I’m pretty sure that Rainbow Rowell and I are more or less the same age, give or take a year or two. We clearly see eye-to-eye when it comes to several things: depressing 80s new wave music from the UK, what it was like to go to high school in the time before the internet, and Star Wars.
One of my first first clear memories is of my dad taking me into downtown Boston on a weekend (just me! no little brother! something special was going to happen!) to meet his best friend and his niece, who was just about my age. We met up at a fancy movie theater (it is now a Whole Foods, of course), and then they told us that for the next two hours, we were going on an adventure.
That adventure, of course, was Star Wars. And no, I won’t call it A New Hope. I’ll just call it Star Wars. And I loved it. Maybe not as much as my dad and his friend, but I loved it a lot. And a few weeks later, my dad (who was in advertising, and happened to have one of the very first VCRs) brought home a shaky, pirated, very illegal, hand-held video recording of Star Wars that he got from some guy who knew a guy.
And we watched that thing until the tape was pretty much see-through.
I had Star Wars birthday parties and cakes. We wore Tshirts with iron-on Star Wars decals from Spencers. We traded Star Wars cards. We had all of the original figures and cool Kenner toys. I was all about Star Wars and the original trilogy.
I’ve seen those movies in pretty much every single iteration that George Lucas has come up with. When they re-released them in the theaters in the late 90s, my dad and I went to all three. We went to special screenings at fancy theaters where orchestras played John Williams’ score. We couldn’t get enough.
Until the prequels came around. Those I’ve had enough of, thanks. I saw each of them once, and that’s it. My kids have seen them over and over again, but I just can’t. There’s just something so inherently wrong about them that I just can’t bring myself to care about the mythology from that time period in the canon. Clone Wars and Star Wars Rebels are fine (just last week I made my 6 year old a stuffed Rotta the Hutt doll!). Just no prequels.
And that’s why I bonded with Elena, the main character of Kindred Spirits.
No, I never waited in line to see Star Wars. No, I’ve never worn any sort of Star Wars cosplay. But still. I felt a kinship with Elena. OK, so her favorite is Princess Leia, and mine is Han Solo, but I can get past that.
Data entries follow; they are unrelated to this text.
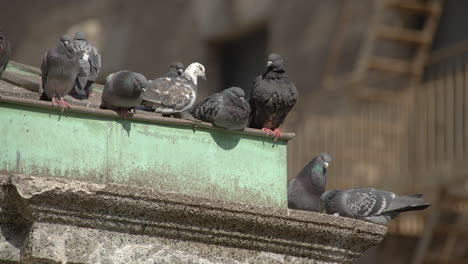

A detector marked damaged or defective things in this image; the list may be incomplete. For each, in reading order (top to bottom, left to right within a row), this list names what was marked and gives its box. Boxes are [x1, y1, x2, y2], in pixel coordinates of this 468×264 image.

peeling green paint [0, 102, 288, 207]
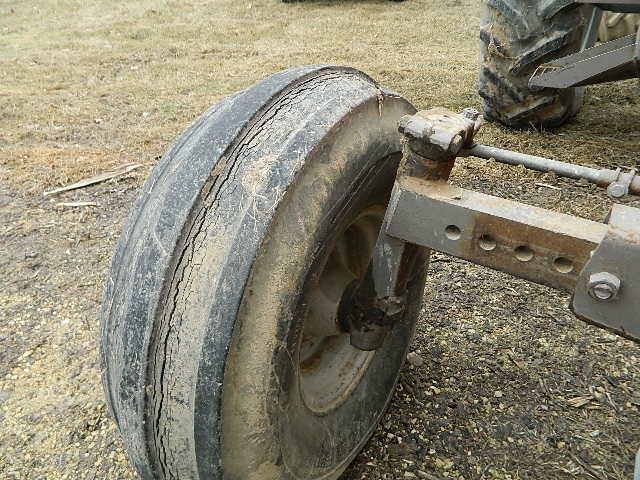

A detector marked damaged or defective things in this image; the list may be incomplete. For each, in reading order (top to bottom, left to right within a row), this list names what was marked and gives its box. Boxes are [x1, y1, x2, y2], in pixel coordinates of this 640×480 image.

cracked rubber tire [478, 0, 588, 128]
cracked rubber tire [101, 64, 430, 480]
rusty wheel rim [300, 206, 384, 412]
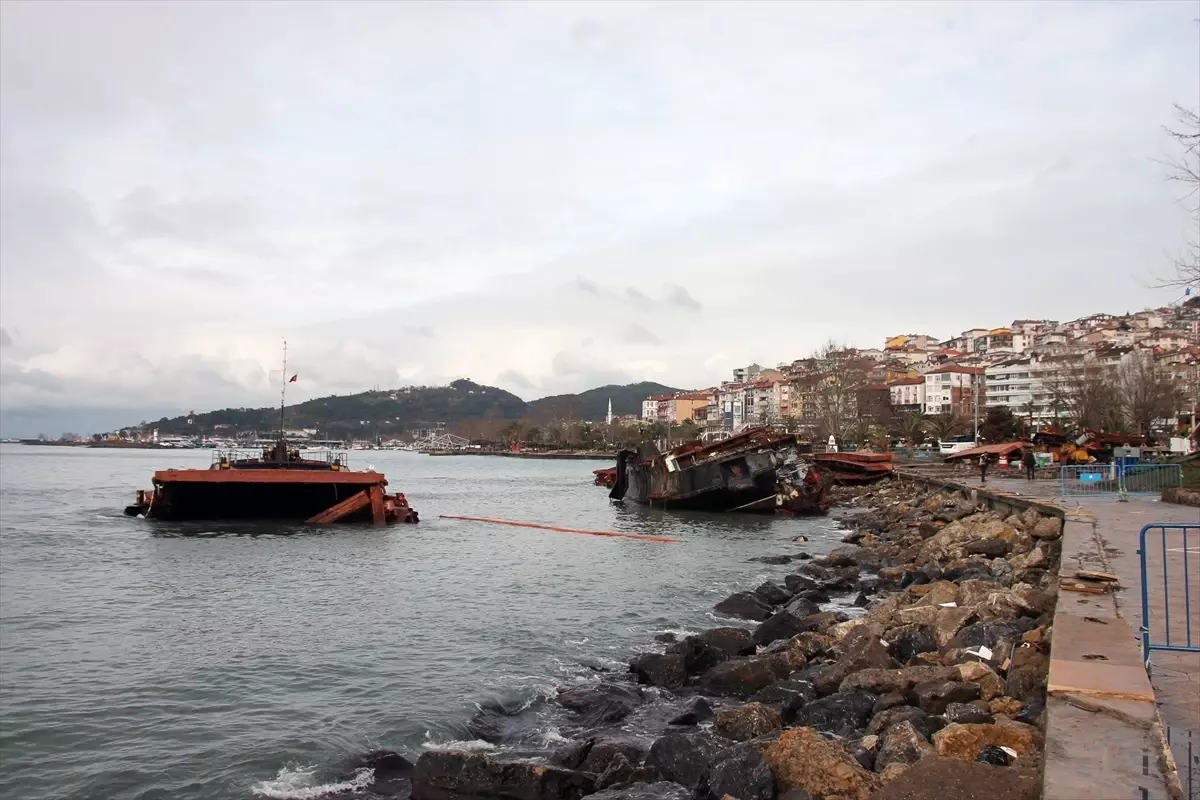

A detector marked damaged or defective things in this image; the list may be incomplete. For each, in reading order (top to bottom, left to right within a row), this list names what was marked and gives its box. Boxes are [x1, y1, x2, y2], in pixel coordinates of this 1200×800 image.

rusted ship debris [124, 438, 420, 524]
rusted ship debris [616, 428, 828, 516]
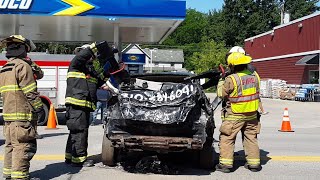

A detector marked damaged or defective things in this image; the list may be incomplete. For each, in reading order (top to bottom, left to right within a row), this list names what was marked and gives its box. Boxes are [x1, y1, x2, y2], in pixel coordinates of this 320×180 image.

severely damaged car [103, 71, 222, 169]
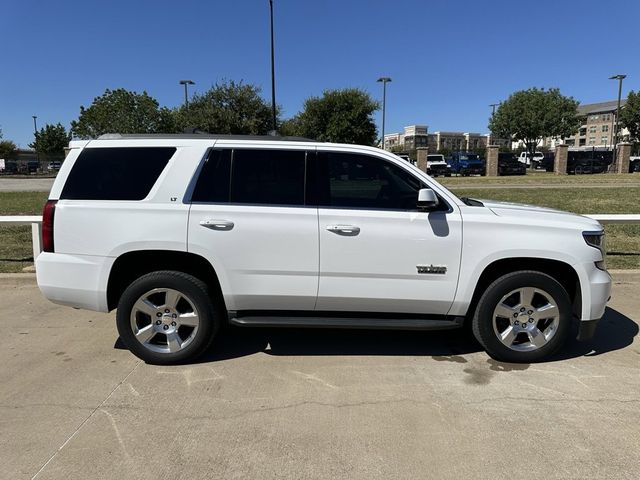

I loved this little story about a girl with Star Wars in her heart. My only complaint is that it just wasn’t longer. I could have had a whole book about Elena and Gabe and Troy. And Elena’s mother. And the grumpy movie theater dude. I wanted more. What happens when they go back to the movies later that night? What happens in school on Monday? What about Elena’s dad in Florida?
But 60-something pages is all we got, and I’ll try and get past that, too.
Special thanks to the wonderful faintingviolet for sending me a copy of this. You are the best!